The Central Bank sold US$ 372.35 million in November to defend the rupee—a record high in recent years—reflecting the seriousness of the foreign currency liquidity crisis Sri Lanka is currently in.
According to the latest data, the Central Bank sold US$ 372.35 million in foreign exchange and bought US$ 61.71 million from the domestic foreign exchange market in November, staying as a net seller of foreign exchange for the second consecutive month.
In October, after months of being a net absorber or buyer of foreign currency from the market, the Central Bank turned a net seller of US$ 72.32 million worth of foreign currency. Sri Lanka’s rupee came under heavy pressure since June this year when the envisaged inflows started drying up while the excess money came out of monetary stimulus that resulted in higher imports.
This created a shortage in the dollar liquidity in the domestic foreign exchange market, which resulted in parallel exchange rates, exacerbating the country’s external sector woes.
The Central Bank fixed the exchange rate at Rs.198/202 against the dollar, but didn’t provide convertibility, creating a large gap between the official and market rates, causing massive amounts of foreign currency of Lankan migrant workers to be transmitted through informal channels, which convert dollars at much higher rates than what is offered by banks.
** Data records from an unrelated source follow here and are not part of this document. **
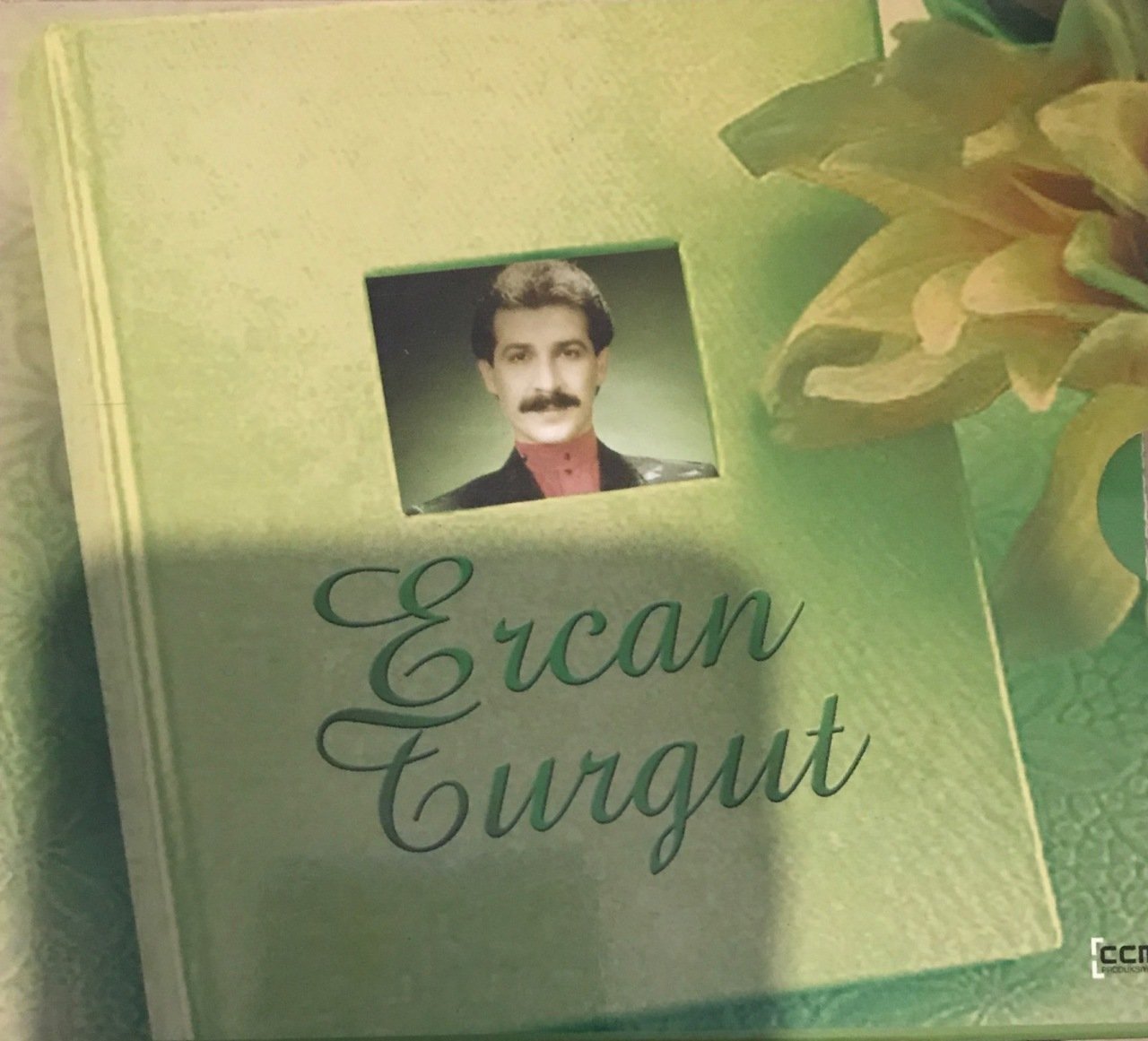 Ercan Turgut CD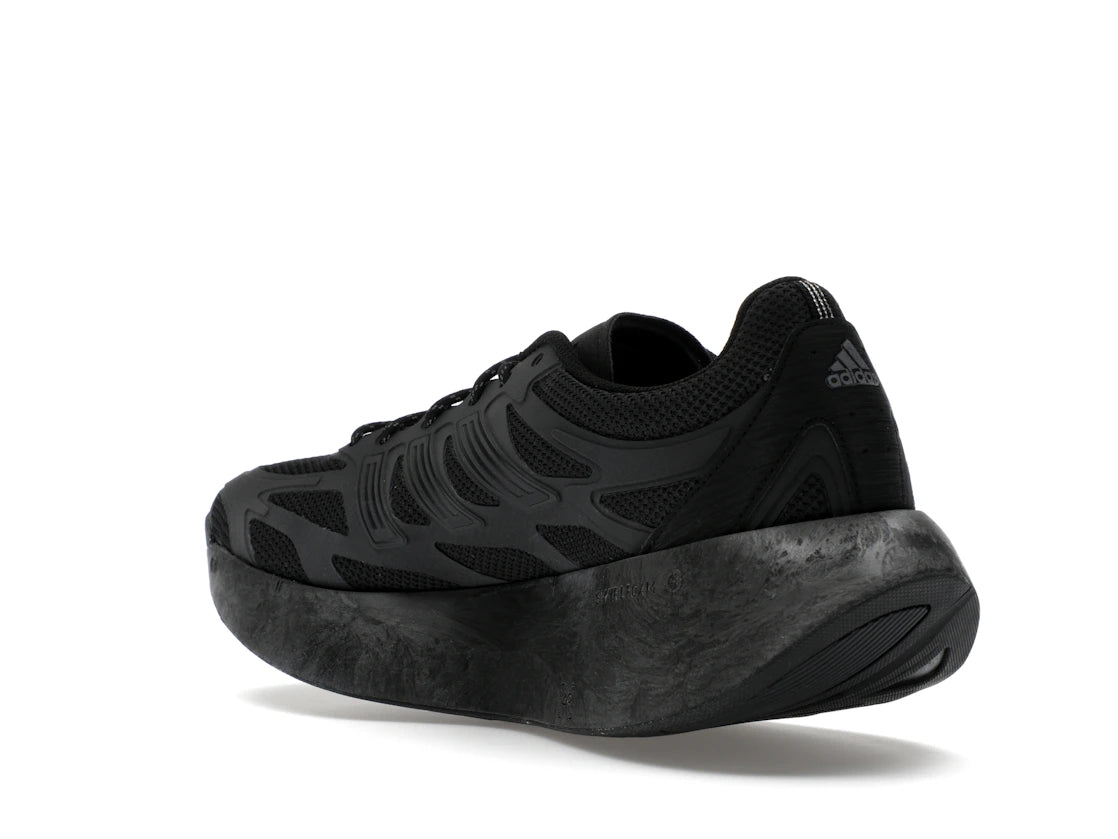 adidas Adizero Aruku Black Iron Metallic - vue secondaire B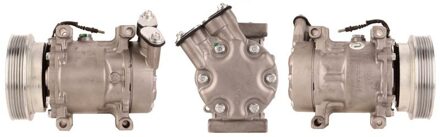 Nissan Compressor, airconditioning 510079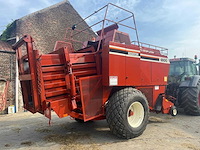 1981 hesston 4800 120/130 balenpers - afbeelding 3 van  5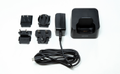 SPECTRALINK Desktop Single Charger for S Series DECT Handsets. Inc. Global Power Supply. Optional retainer clip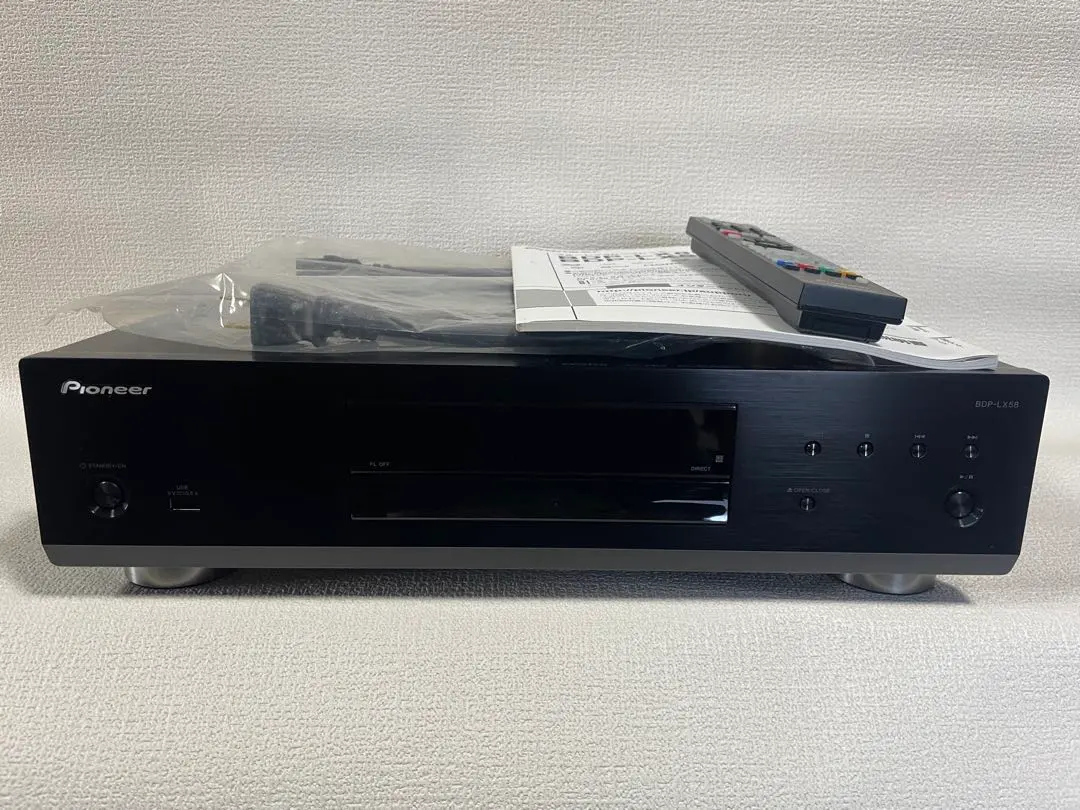 2026年最新】Pioneer ブルーレイディスクプレーヤー BDP-LX52の人気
This prompted the Central Bank to launch a crackdown on both formal and informal money changers which offered higher rates, threatening the authorised money changers with revocation of their licenses.
The crunch in foreign currency liquidity has scuttled the Central Bank’s earlier intentions to collect a substantial amount of foreign currency in its quest to rebuild the foreign reserves out of non-debt creating inflows. The most recent challenges in staying on course with its earlier plans came as when the Central Bank had to directly intervene in the foreign exchange market to help certain importers of essentials such as crude oil, milk powder, cooking gas, cement etc. to end the shortages in the local market.
The Central Bank on November 25 said it had so far collected US 150 million each from the mandatory conversions of remittances from migrant workers and exporters. The bank also said it is witnessing a notable increase in exporter conversions with the fresh rules that came into effect since late October, which gave exporters much leeway prior to converting their remaining proceeds.
Nevertheless the inclusion of service exports, which encompass the professional services, sparked concerns lately as resident Sri Lankans receiving their incomes via US dollars or any other foreign currency have seen their earnings been converted into rupees by their banks without obtaining prior consent leading to widespread unease and dissatisfaction among this category.